In case of a significant fire:
- stay away from affected areas, particularly if you suffer from respiratory ailments
- monitor local media for up-to-date information on the situation
- follow the instructions of local authorities
Flooding and landslides
Heavy rains, particularly during spring and summer, can cause flooding and landslides. Roads may become impassable and infrastructure damaged.
- Exercise caution, particularly in areas around major rivers
- Stay informed of the latest regional weather forecasts
- Follow the instructions of local authorities, including evacuation orders
Meteorological forecast - Hydrometeorological service (in Macedonian)
Between November and February, Skopje and surrounding areas can be affected by thick fog, which can affect air travel.

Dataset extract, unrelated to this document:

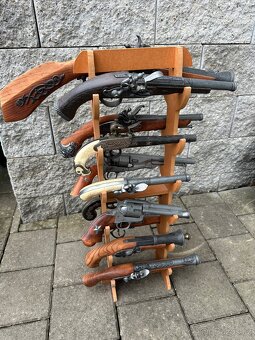 Repliky starožitných/historických zbraní - 2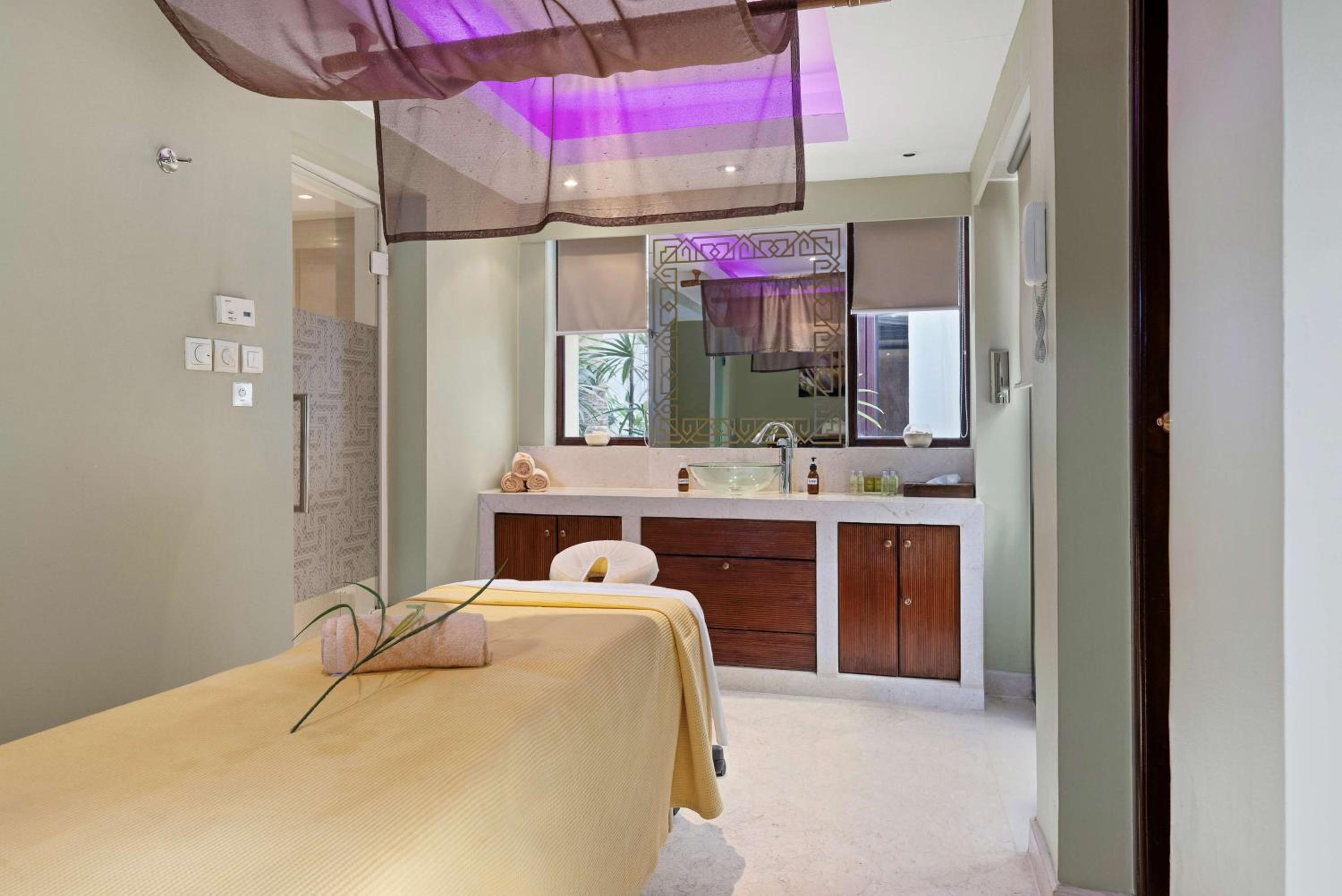 Spa Suite thumbnail 6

- Stay informed of the latest regional weather forecasts
- Reconfirm your flight before heading to the airport
Smoke haze and other types of air pollution can be extremely hazardous in North Macedonia. It’s usually worst in winter due the heavy smoke from coal and wood burning heaters. Air pollution levels can change quickly.
During periods of high pollution:
- limit your outdoor activities, especially if you suffer from respiratory ailments or have pre-existing medical conditions
- monitor local media
- follow the instructions of local authorities
Air pollution in Skopje - World Air Quality Index
In case of emergency, dial:
- police: 192
- medical assistance: 194
- firefighters: 193
- roadside assistance: 196
Skopje - Consulate of Canada
Belgrade - Embassy of Canada
Montenegro, North Macedonia, Serbia
For emergency consular assistance, call the Embassy of Canada to Serbia, in Belgrade, and follow the instructions. At any time, you may also contact the Emergency Watch and Response Centre in Ottawa.
The decision to travel is your choice and you are responsible for your personal safety abroad. We take the safety and security of Canadians abroad very seriously and provide credible and timely information in our Travel Advice to enable you to make well-informed decisions regarding your travel abroad.
The content on this page is provided for information only. While we make every effort to give you correct information, it is provided on an "as is" basis without warranty of any kind, expressed or implied. The Government of Canada does not assume responsibility and will not be liable for any damages in connection to the information provided.
If you need consular assistance while abroad, we will make every effort to help you. However, there may be constraints that will limit the ability of the Government of Canada to provide services.